## Work item
Of all the lines in the entries below, give again exactly those starting at the line containing "Quel che la" and ending at the line containing "Cmo Anular los", both ends included, and no others.

• • • •

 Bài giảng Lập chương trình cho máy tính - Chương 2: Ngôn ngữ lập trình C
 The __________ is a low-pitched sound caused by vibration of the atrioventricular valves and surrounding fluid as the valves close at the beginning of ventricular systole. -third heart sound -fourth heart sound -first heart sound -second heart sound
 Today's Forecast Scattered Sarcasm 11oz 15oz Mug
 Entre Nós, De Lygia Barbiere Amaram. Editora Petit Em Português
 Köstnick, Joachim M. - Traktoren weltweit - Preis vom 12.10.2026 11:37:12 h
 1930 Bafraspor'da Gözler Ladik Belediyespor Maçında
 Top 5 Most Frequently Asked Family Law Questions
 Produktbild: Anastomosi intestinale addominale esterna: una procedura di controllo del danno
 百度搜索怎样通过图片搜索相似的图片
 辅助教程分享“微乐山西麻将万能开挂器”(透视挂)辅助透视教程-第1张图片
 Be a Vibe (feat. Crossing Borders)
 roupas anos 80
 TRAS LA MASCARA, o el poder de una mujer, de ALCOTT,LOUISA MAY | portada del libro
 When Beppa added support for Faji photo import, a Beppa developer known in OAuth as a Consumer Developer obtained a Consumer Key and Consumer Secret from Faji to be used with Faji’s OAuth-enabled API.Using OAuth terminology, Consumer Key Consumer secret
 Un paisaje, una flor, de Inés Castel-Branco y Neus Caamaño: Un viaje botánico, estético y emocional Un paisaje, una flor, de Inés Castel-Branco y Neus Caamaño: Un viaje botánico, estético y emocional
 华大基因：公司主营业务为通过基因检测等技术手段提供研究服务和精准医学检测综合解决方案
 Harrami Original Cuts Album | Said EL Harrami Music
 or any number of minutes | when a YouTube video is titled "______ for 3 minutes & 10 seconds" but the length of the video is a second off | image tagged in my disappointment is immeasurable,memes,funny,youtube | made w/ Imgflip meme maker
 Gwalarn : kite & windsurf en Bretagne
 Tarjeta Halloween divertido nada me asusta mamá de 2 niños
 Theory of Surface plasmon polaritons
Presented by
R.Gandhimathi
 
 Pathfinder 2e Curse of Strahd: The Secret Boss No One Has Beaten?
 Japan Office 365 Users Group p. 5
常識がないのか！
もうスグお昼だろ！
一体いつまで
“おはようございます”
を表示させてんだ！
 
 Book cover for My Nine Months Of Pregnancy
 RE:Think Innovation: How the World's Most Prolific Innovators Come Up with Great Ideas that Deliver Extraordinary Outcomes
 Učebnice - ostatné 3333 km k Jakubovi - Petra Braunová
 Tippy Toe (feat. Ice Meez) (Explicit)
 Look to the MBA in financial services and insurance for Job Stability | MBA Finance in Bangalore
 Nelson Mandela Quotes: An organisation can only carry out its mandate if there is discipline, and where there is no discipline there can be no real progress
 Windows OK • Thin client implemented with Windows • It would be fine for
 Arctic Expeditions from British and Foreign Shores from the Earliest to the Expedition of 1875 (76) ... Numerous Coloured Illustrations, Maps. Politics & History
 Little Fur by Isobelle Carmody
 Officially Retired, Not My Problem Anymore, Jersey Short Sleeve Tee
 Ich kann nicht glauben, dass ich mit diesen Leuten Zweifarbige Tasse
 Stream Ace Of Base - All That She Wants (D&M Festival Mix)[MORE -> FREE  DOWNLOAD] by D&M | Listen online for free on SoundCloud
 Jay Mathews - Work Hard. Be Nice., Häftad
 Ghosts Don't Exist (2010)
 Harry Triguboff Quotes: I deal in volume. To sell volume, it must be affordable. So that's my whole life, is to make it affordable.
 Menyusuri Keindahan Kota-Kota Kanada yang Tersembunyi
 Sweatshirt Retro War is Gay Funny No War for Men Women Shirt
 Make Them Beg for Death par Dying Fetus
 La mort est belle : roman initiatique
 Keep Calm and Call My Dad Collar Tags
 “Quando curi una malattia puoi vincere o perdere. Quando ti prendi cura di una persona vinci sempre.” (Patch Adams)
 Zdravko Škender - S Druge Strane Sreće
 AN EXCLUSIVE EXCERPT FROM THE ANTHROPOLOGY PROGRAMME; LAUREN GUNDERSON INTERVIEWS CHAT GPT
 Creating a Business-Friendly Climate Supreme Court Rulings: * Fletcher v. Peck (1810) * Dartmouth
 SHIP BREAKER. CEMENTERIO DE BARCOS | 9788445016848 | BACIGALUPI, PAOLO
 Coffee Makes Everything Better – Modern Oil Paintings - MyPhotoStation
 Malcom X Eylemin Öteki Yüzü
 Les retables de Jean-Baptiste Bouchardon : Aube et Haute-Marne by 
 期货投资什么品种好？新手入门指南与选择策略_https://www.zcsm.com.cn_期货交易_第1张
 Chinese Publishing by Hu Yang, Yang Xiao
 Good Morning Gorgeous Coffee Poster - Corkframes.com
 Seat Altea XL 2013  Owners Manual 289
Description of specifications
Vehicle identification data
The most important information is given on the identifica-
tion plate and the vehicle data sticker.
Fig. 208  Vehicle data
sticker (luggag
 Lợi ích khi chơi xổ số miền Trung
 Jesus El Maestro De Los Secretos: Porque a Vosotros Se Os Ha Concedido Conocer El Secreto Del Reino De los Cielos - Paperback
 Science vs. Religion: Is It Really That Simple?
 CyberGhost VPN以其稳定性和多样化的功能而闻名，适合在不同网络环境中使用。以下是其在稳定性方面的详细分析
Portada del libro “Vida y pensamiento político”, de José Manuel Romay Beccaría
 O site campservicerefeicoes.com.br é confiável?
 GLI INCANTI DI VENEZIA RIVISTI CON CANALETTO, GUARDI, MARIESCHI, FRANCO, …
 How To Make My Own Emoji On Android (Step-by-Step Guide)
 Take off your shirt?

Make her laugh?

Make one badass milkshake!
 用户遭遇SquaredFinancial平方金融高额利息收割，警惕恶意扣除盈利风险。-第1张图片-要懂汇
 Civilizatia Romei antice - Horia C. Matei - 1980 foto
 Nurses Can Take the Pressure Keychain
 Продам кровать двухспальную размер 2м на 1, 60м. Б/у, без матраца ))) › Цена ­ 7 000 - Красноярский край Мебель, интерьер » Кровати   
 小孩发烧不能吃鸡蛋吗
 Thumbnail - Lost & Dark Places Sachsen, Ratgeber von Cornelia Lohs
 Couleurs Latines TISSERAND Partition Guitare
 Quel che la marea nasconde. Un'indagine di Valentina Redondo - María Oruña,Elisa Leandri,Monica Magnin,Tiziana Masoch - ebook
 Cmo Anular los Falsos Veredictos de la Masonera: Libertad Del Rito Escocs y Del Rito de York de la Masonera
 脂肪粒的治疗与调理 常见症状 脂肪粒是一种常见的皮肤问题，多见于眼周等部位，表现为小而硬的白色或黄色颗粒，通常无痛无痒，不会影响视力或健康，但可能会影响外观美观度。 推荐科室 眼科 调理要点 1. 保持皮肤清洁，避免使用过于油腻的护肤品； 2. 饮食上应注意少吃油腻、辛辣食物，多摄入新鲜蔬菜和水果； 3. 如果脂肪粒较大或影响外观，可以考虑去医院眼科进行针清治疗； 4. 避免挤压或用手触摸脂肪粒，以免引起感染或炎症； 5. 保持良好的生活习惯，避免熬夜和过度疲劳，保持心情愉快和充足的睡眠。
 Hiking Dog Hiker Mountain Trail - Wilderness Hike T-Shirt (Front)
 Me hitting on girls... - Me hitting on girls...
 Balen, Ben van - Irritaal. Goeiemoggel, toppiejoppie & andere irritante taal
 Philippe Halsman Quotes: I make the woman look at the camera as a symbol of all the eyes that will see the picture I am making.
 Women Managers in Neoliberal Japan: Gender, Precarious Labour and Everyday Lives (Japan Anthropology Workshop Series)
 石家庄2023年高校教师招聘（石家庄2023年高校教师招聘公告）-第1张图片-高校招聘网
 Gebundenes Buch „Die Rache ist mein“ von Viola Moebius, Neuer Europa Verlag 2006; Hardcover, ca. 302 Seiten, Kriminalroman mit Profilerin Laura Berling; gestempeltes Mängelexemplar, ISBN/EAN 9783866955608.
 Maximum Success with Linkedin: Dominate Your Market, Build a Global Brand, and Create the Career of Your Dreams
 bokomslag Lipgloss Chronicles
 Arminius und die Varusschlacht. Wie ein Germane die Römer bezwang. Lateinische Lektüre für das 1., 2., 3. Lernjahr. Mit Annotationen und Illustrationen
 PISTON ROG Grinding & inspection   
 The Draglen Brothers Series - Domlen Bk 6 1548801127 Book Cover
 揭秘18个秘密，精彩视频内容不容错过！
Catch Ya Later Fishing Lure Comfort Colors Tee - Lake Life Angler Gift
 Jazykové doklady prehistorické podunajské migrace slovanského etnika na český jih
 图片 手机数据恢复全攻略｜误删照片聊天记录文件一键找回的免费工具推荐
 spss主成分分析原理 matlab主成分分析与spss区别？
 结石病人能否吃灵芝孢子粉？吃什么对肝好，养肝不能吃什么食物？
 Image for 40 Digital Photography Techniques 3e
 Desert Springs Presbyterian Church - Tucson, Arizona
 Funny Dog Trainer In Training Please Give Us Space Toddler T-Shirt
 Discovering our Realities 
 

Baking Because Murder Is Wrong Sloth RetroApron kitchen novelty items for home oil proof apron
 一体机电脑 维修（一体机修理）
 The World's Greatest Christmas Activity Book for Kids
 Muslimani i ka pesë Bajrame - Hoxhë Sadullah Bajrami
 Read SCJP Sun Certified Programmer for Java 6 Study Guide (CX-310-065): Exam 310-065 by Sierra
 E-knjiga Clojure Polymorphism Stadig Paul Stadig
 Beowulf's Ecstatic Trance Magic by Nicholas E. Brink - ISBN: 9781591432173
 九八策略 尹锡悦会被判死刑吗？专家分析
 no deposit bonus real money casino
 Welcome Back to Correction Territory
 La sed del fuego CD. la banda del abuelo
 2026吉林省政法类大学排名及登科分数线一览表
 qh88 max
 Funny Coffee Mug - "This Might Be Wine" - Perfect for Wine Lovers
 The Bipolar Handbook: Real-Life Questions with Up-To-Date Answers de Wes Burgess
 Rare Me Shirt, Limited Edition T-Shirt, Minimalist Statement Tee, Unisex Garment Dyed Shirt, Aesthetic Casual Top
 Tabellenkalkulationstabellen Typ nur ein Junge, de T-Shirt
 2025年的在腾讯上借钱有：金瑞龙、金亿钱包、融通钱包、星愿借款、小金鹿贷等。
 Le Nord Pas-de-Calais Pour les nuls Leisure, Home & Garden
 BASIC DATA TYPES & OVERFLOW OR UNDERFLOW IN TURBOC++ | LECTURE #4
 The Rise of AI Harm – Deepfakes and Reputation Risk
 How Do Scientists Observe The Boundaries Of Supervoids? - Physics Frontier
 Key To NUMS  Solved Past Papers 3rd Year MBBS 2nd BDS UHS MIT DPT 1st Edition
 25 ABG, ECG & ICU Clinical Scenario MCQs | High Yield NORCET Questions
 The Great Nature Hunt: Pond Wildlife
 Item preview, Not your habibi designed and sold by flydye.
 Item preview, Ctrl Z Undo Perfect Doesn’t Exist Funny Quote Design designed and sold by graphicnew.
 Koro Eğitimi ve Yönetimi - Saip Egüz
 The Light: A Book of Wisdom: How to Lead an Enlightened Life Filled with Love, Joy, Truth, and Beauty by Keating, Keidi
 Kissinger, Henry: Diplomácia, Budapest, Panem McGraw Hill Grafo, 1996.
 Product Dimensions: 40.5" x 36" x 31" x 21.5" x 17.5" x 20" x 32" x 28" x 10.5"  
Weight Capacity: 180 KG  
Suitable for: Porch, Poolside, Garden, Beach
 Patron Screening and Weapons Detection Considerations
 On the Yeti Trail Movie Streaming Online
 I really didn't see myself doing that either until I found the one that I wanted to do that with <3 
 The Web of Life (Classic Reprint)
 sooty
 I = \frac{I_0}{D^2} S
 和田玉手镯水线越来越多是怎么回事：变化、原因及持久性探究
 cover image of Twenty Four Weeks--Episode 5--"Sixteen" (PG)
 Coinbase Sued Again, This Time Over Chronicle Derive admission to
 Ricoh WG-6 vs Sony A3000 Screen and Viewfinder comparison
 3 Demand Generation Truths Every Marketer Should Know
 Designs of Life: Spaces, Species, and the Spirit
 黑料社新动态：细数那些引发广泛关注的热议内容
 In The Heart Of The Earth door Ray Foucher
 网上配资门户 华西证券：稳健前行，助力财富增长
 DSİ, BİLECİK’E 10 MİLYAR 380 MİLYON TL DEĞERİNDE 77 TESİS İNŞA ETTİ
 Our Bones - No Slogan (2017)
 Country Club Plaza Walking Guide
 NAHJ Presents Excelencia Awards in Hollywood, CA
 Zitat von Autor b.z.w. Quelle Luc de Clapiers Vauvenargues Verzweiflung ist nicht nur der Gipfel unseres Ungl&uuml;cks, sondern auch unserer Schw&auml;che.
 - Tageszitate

• • • •

## Completed task
 Quel che la marea nasconde. Un'indagine di Valentina Redondo - María Oruña,Elisa Leandri,Monica Magnin,Tiziana Masoch - ebook
 Cmo Anular los Falsos Veredictos de la Masonera: Libertad Del Rito Escocs y Del Rito de York de la Masonera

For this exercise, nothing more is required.